WHAT IS EXPECTED: Your copy should hold only the lines from the one holding "Used 2019 Nissan" through the last line of the records below, both included, each exact and with no pictures.

AVAILABLE DATA:
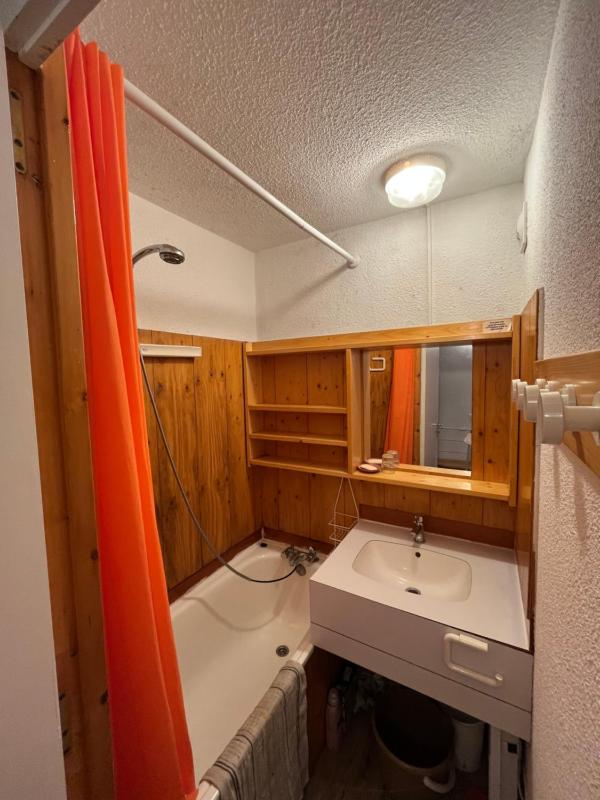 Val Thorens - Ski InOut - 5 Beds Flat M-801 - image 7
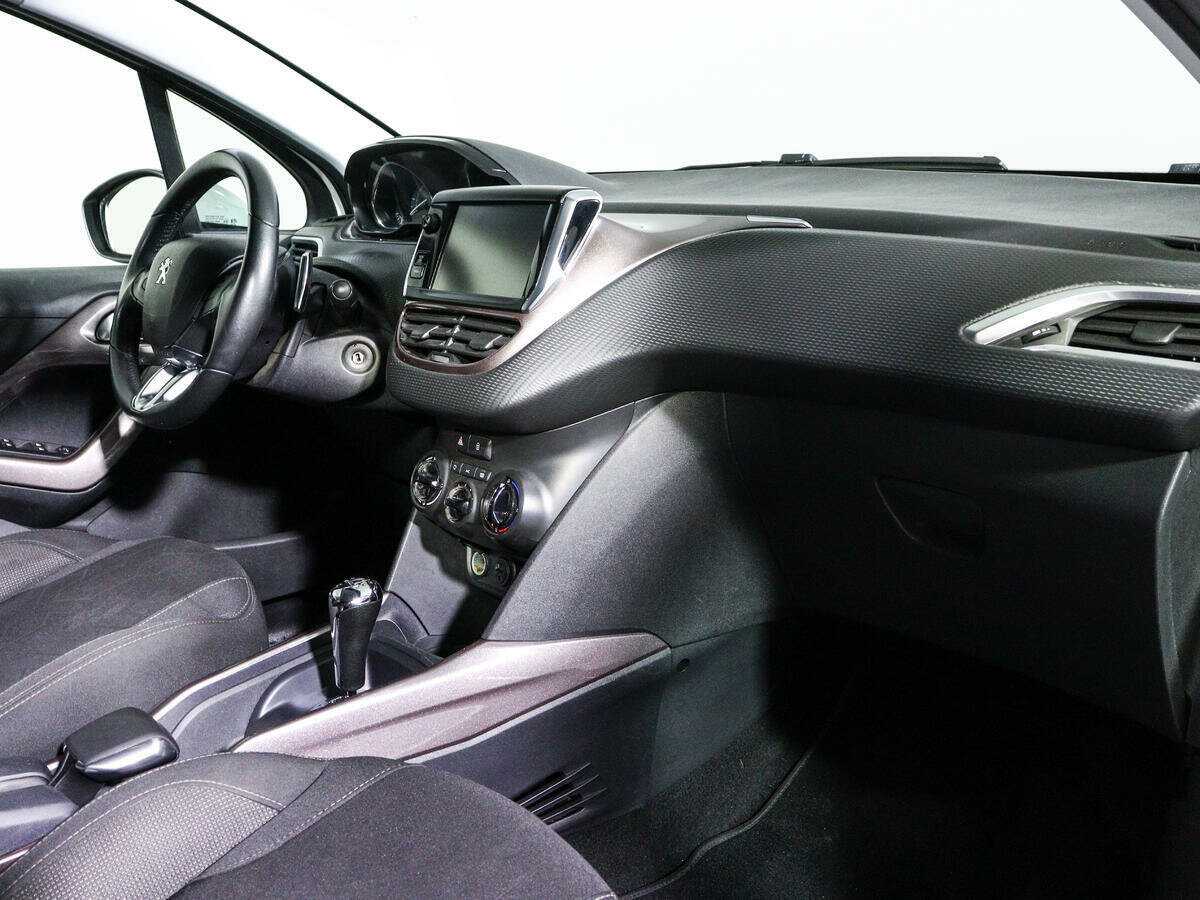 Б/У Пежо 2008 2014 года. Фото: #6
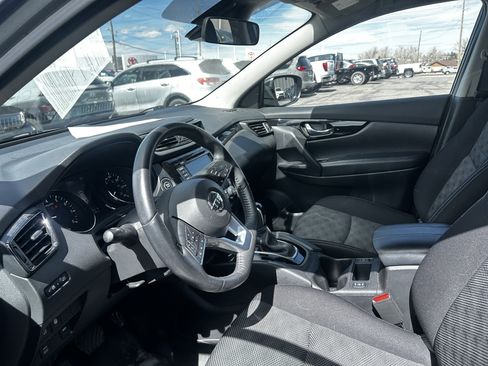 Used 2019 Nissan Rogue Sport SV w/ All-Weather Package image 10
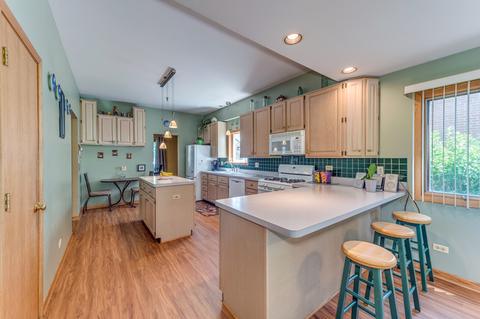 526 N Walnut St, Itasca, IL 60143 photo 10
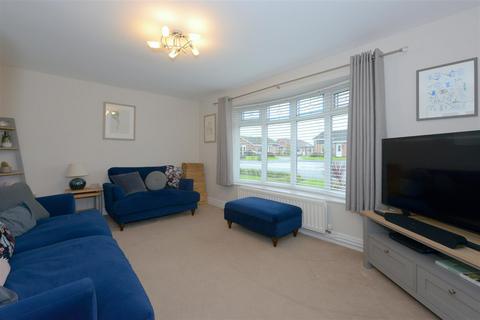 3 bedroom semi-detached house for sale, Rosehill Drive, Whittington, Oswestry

RESPONSE TO THIS EXERCISE:
 Used 2019 Nissan Rogue Sport SV w/ All-Weather Package image 10
 526 N Walnut St, Itasca, IL 60143 photo 10
 3 bedroom semi-detached house for sale, Rosehill Drive, Whittington, Oswestry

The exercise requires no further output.